**Task instructions:** Give an exact copy of the lines from the beginning of the listing below to the "istock Little kid" line, inclusive.

Start of Block

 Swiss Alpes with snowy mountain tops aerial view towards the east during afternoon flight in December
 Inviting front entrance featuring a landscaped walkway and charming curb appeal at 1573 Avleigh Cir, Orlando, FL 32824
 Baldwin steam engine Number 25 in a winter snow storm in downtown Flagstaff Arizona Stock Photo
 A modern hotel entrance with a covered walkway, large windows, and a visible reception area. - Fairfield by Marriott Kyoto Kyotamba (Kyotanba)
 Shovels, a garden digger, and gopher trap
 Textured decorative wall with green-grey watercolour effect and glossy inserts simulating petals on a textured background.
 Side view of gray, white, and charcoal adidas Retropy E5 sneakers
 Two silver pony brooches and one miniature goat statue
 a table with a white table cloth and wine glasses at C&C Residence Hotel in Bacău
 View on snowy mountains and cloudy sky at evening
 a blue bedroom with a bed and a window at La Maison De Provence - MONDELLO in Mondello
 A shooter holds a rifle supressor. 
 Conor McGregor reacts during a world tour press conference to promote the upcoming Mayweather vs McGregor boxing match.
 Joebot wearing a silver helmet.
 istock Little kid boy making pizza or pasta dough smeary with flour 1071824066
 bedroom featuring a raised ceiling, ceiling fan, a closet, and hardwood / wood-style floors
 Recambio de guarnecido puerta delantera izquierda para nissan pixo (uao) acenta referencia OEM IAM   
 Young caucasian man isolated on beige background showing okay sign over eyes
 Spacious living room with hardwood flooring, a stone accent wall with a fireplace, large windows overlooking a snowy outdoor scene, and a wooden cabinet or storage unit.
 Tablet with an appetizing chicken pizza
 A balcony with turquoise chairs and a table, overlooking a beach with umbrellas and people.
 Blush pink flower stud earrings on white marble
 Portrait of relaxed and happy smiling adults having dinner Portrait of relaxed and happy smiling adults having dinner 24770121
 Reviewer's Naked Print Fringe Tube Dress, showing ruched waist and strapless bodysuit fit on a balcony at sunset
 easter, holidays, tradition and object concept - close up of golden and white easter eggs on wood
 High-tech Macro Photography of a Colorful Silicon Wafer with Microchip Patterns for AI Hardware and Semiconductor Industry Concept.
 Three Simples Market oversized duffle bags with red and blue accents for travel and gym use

End of Block

**The completed task:**
 Swiss Alpes with snowy mountain tops aerial view towards the east during afternoon flight in December
 Inviting front entrance featuring a landscaped walkway and charming curb appeal at 1573 Avleigh Cir, Orlando, FL 32824
 Baldwin steam engine Number 25 in a winter snow storm in downtown Flagstaff Arizona Stock Photo
 A modern hotel entrance with a covered walkway, large windows, and a visible reception area. - Fairfield by Marriott Kyoto Kyotamba (Kyotanba)
 Shovels, a garden digger, and gopher trap
 Textured decorative wall with green-grey watercolour effect and glossy inserts simulating petals on a textured background.
 Side view of gray, white, and charcoal adidas Retropy E5 sneakers
 Two silver pony brooches and one miniature goat statue
 a table with a white table cloth and wine glasses at C&C Residence Hotel in Bacău
 View on snowy mountains and cloudy sky at evening
 a blue bedroom with a bed and a window at La Maison De Provence - MONDELLO in Mondello
 A shooter holds a rifle supressor. 
 Conor McGregor reacts during a world tour press conference to promote the upcoming Mayweather vs McGregor boxing match.
 Joebot wearing a silver helmet.
 istock Little kid boy making pizza or pasta dough smeary with flour 1071824066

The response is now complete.